In Iran, it's quite clear that the regime of the mullahs is now
loathed and detested by the people, who would get rid of it tomorrow
if they could. In other places, such as Algeria, where in the
last decade the fanatics have had a lot of momentum, and have
killed and scared a lot of people, they now seem to be in retreat.
So there is evidence, in my view-- not even across the world--
but there is evidence to show that fundamentalism tends to be
like a short-lived illness in a society that, once people have
had a serious taste of it, they soon wish to recover from it.
RAY SUAREZ: So by emphasizing Islam versus the west, we miss out
on what might even be the more interesting Islam versus Islam,
that internal tug of war?
SALMAN RUSHDIE: Well, I think there is, you know, a great internal
struggle. You sometimes see its effects. For instance, when the
Taliban fell, you saw the rejoicing of the people of Afghanistan.

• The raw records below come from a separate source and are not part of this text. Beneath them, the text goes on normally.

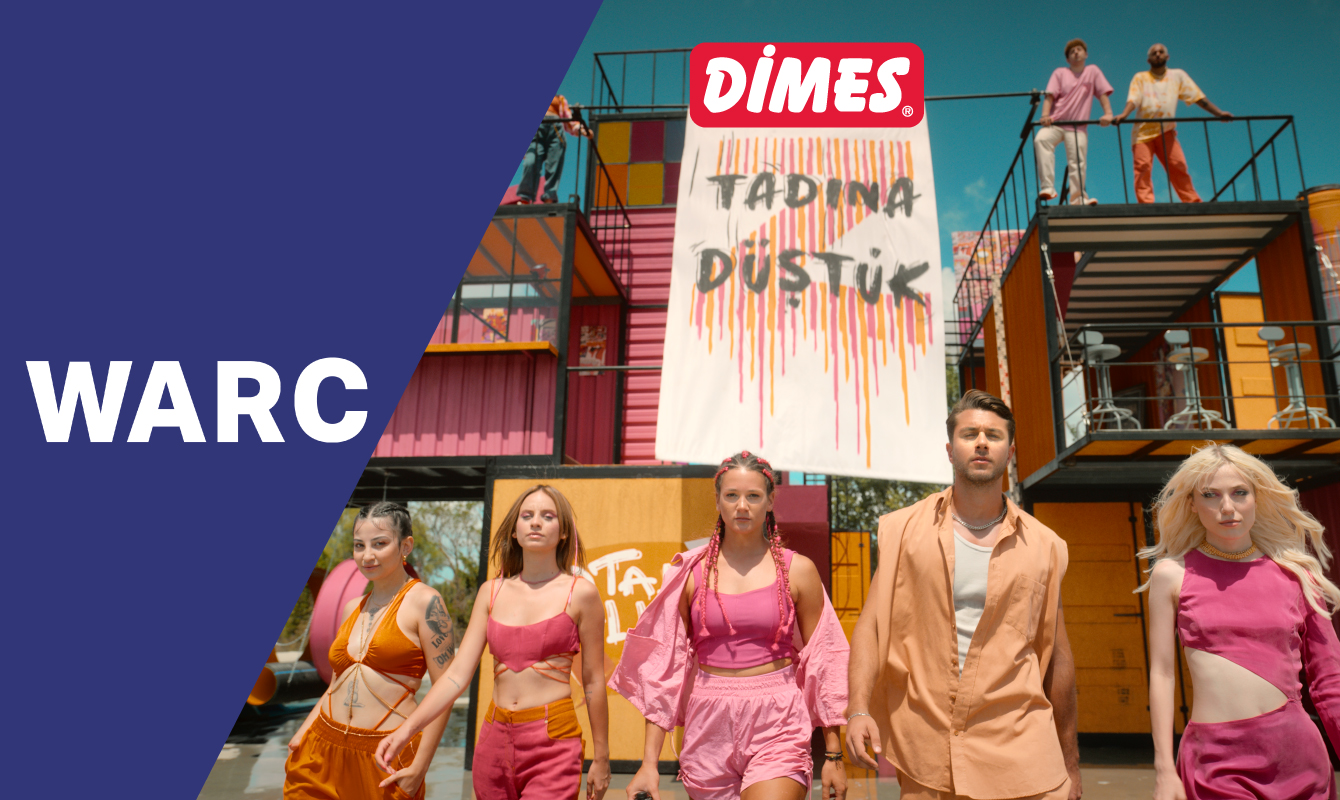 DİMES — Dimes Dünyanın EN Başarılı Markaları Arasında Gösterildi
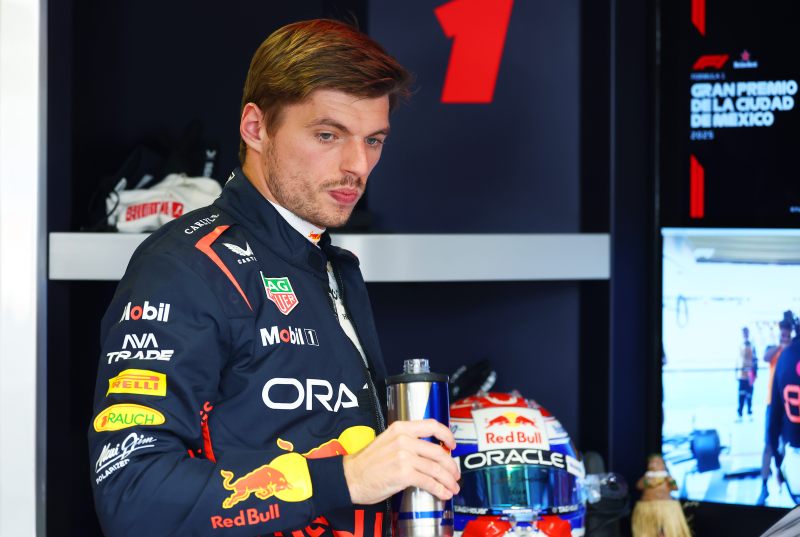 Verstappen z najgorszym wynikiem kwalifikacyjnym w Meksyku od 2015 roku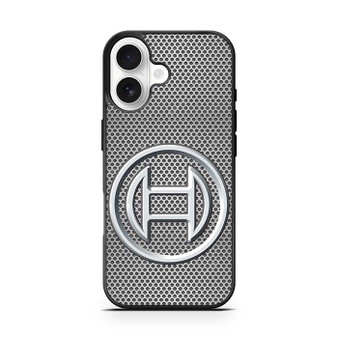 Bosch Logo iPhone 17 Case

That showed how great the unhappiness of the people of Afghanistan
had been under the Taliban rule. I think when and if the rule
of the mullahs ends in Iran, you'll see something similar. You'll
see celebration at the fall of a regime that is so unpopular.

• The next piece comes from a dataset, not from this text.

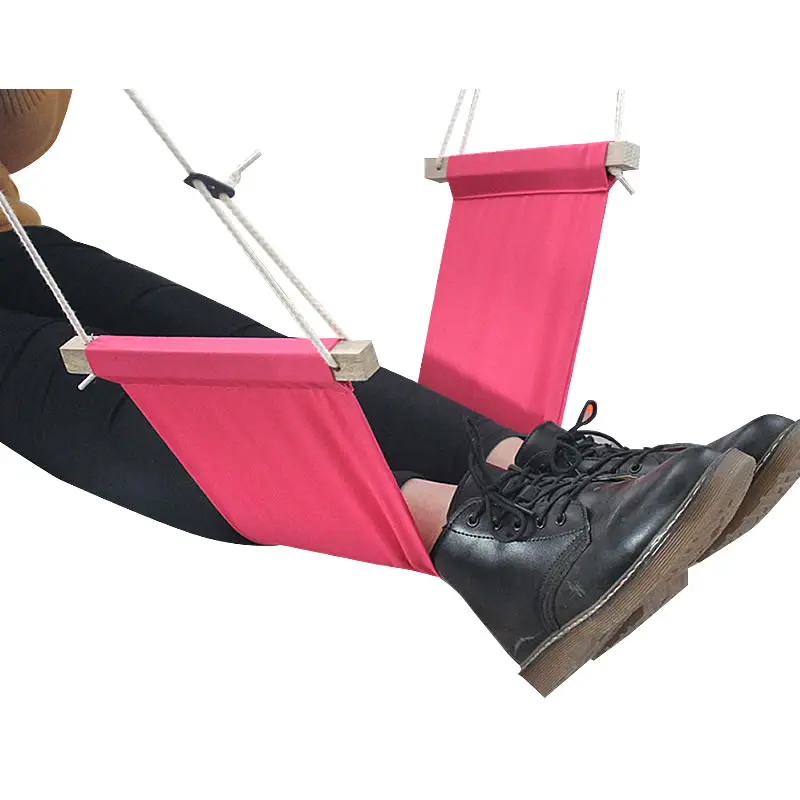 Work Table Computer Desk Footrests Mini Portable Comfortable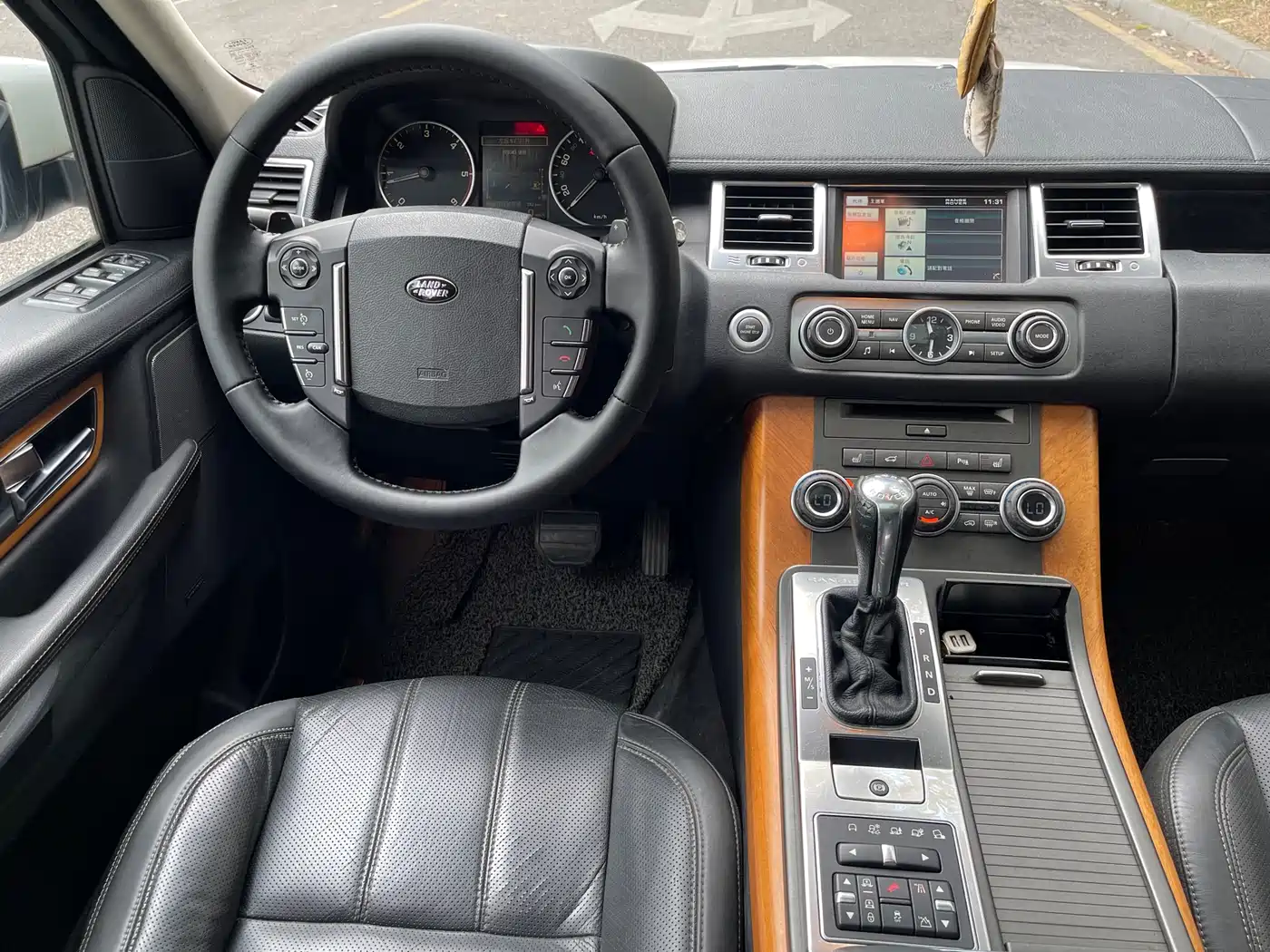 Land Rover Range Rover Sport 2012 3.0 TDV6 HSE Diesel Version фото 5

So, yes, of course, the first people who are oppressed by fundamentalist
Islam are Muslims, people in Muslim countries where those forces
are at their strongest. I do think there are great problems remaining
associated with it. And a lot of that has to do with the very
murky role, in my view, of Saudi Arabia. Saudi Arabia, after all,
allowed bin Laden and his group to fund-raise and recruit freely
for years before September 11. Saudi Arabia is also the source
of the financing for these extremist Muslim schools, the so-called
Madrassahs, which are spreading all over the world, in which the
Taliban were trained, in which many of the radicals now creating
terrorist actions in Kashmir were trained-- a phenomenon in my
view as dangerous as al-Qaida, the spread of the religious schools,
and entirely financed by supposed ally of the West --Saudi Arabia.
RAY SUAREZ: One passage in Step Across This Line really caused
me to sort of sit up and put on the brakes: "America finds
itself facing an ideological enemy that may turn out to be harder
to defeat than militant Islam; that is to say, anti- Americanism,
which is presently taking the world by storm."

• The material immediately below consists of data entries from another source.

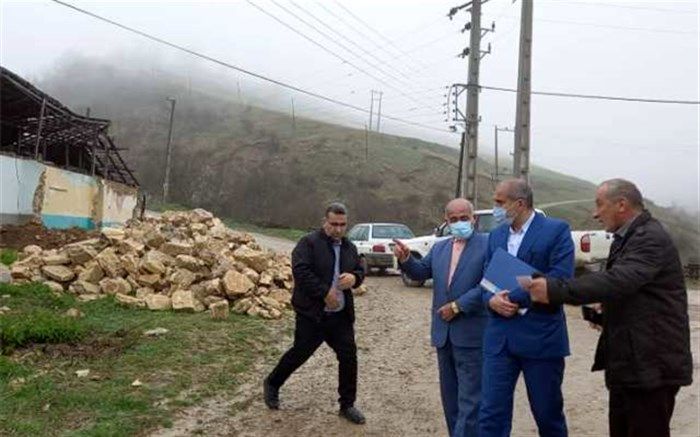 مشکلات منطقه هزار جریب نکاء توسط معاون آموزش و پرورش مازندران مورد بررسی قرار گرفت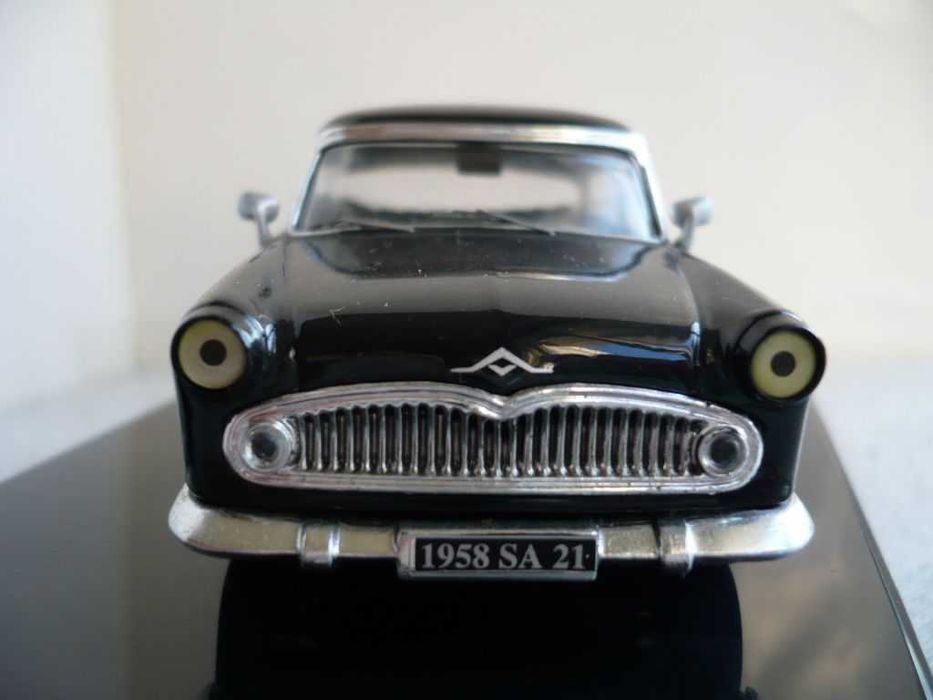 Simca Ariane 8 1:43 IXO Models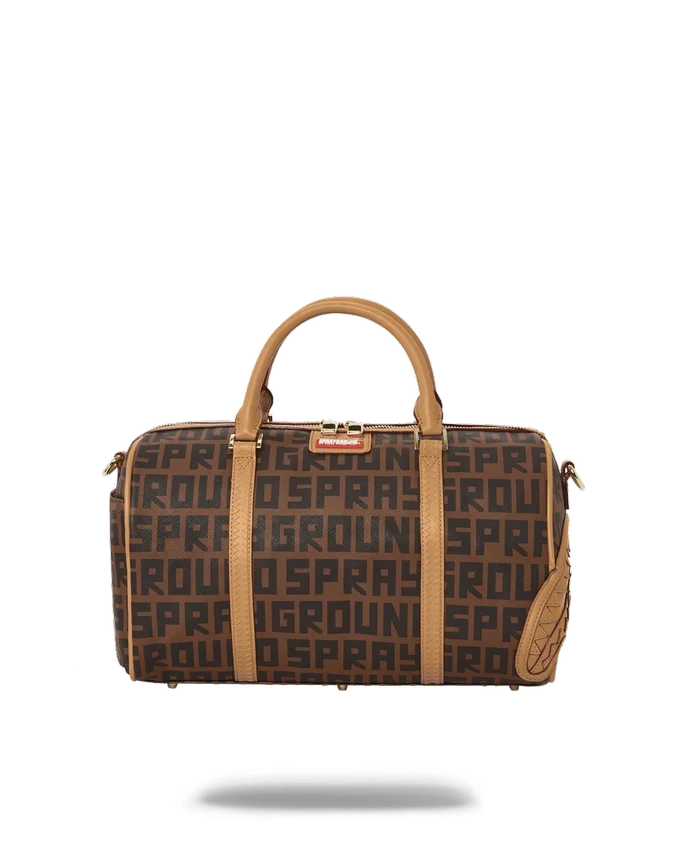 SHARKFINITY MINI DUFFLE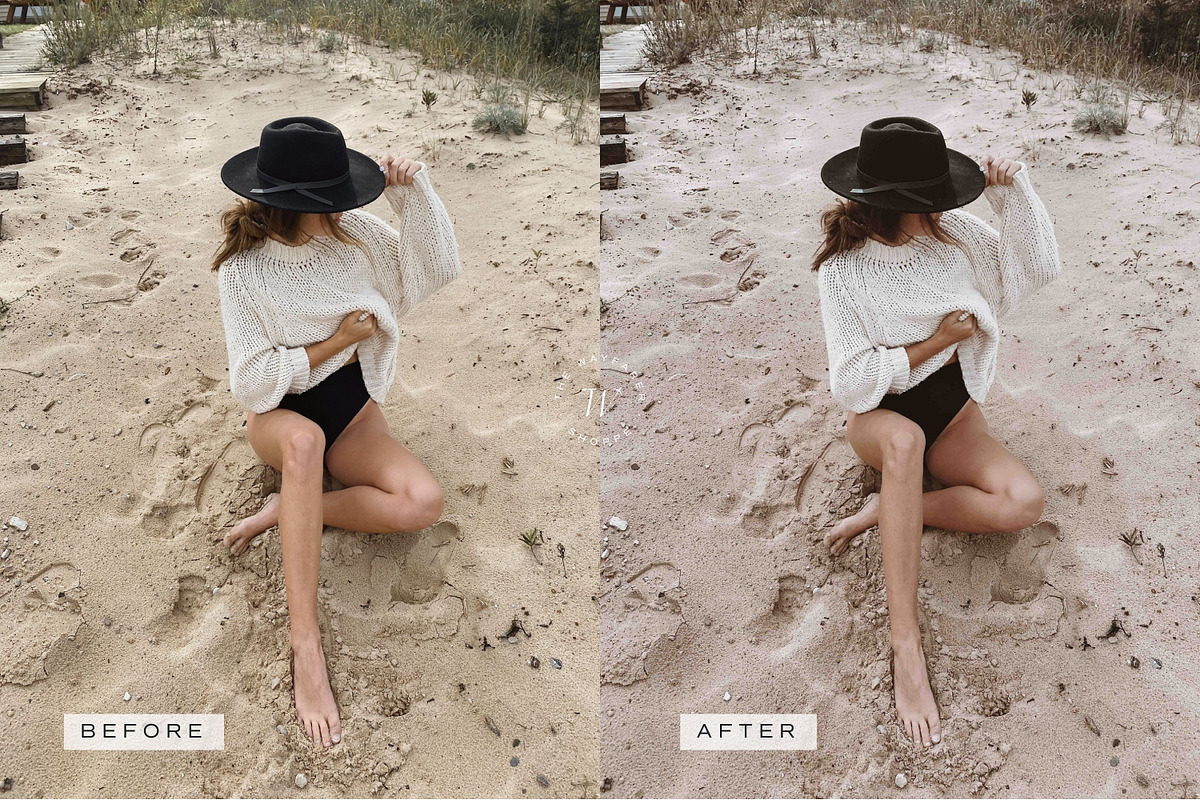5 Lifestyle Lightroom Presets, a Preset Add-On by TheWayfarerShoppe (Photo 14 of 17)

SALMAN RUSHDIE: Mm-hmm. Well, this is... I mean, I am not here
representing my view. I'm representing a phenomenon that really
worries me profoundly, a union, if you like, of opposition to
America from, on the one hand, fundamentalist Islam, and on the
other hand, kind of leftist European thinkers and commentators
who ought to be in such a war on America's side. And I think this
clearly is an issue that Washington needs to confront, and clearly
feels so itself. I mean, it's only recently that the State Department
actually held a major conference on the subject to see what could
be done about it. And clearly one of the things that I would suggest
should be done about it is that the United States needs to regain
an ability to act in concert with other nations, and not unilaterally
and preemptively. I think the breaking of treaties by the Bush
administration annoyed a lot of people in Europe, and now we're
once again in a situation where European leaders are trying to
persuade the United States to act in concert with them and with
the United Nations, and not off its own path. And I think there
is something important to think about.
RAY SUAREZ: Salman Rushdie, thanks for being with us.